It’s calving time at Sweet Hills Farm and all over the west! As you drive around the countryside, look for them scampering or napping in the pastures. When they’re under a week old, they’re wobbly-legged, and then they grow fast, and get very confident and rambunctious. Say hello to the first to come along on our place – a handsome little bull-calf born to first-time mamma cow, Bella. He weighed in at 87 pounds at birth, a nice hefty size. Hi Little Guy!
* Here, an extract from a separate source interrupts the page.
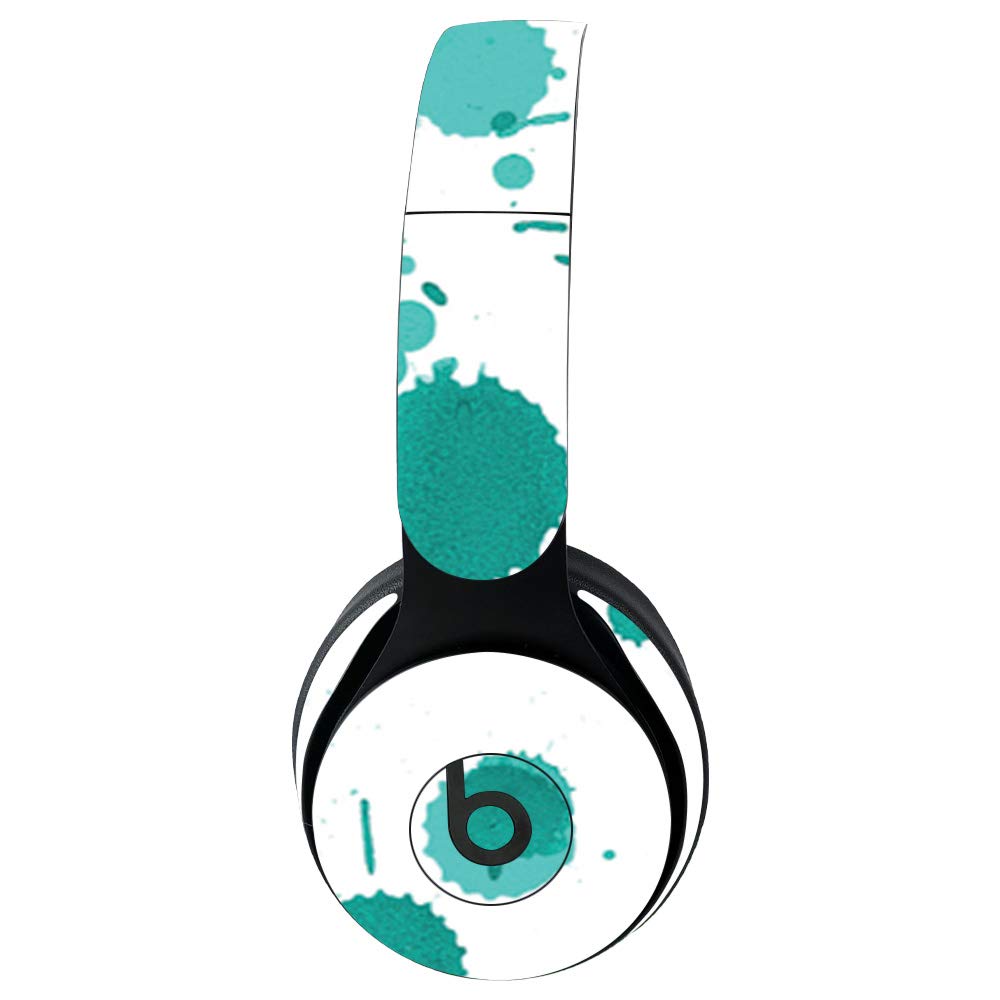 MightySkins Vinyl Decal Wrap Cover for Beats Solo Pro Wireless Headphones - Teal Splatter Design | Protective & Durable Skin | Easy to Apply & Remove | Made in USA | Perfect for Gym, Travel & Daily Use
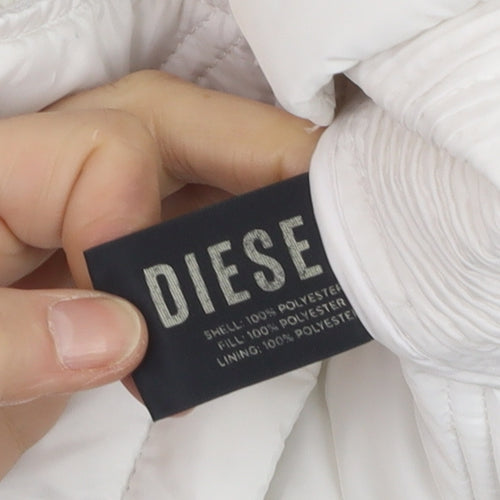 Diesel Women's White XS Hooded Quilted Puffer Jacket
It’s always amazing how the motherly instinct kicks in immediately. After being born, the baby calf just lays there, stunned and exhausted for a bit. Of course, we make sure that the little calf is breathing properly, but we don’t want to interfere any more than that, unless absolutely necessary. The mamma, of course, hasn’t seen her baby yet; with a new mother, she doesn’t even know what’s happened, only that she was hurting a lot, and now she doesn’t hurt any more. But, after about 10 minutes, something tells her “Get up! You have a new BABY!” So, she does, and when she turns around and sees him, you can see the look on her face, “Oh my goodness! What is THIS? MY BABY!!!” And she begins to lick, lick, lick, cleaning him all off, warming him up, and urging him to stand for the first time. When he does, she nudges him toward her udder so that he can nurse and get that first colostrum milk, important for its antibodies and nourishment. Every birth truly seems like a new miracle.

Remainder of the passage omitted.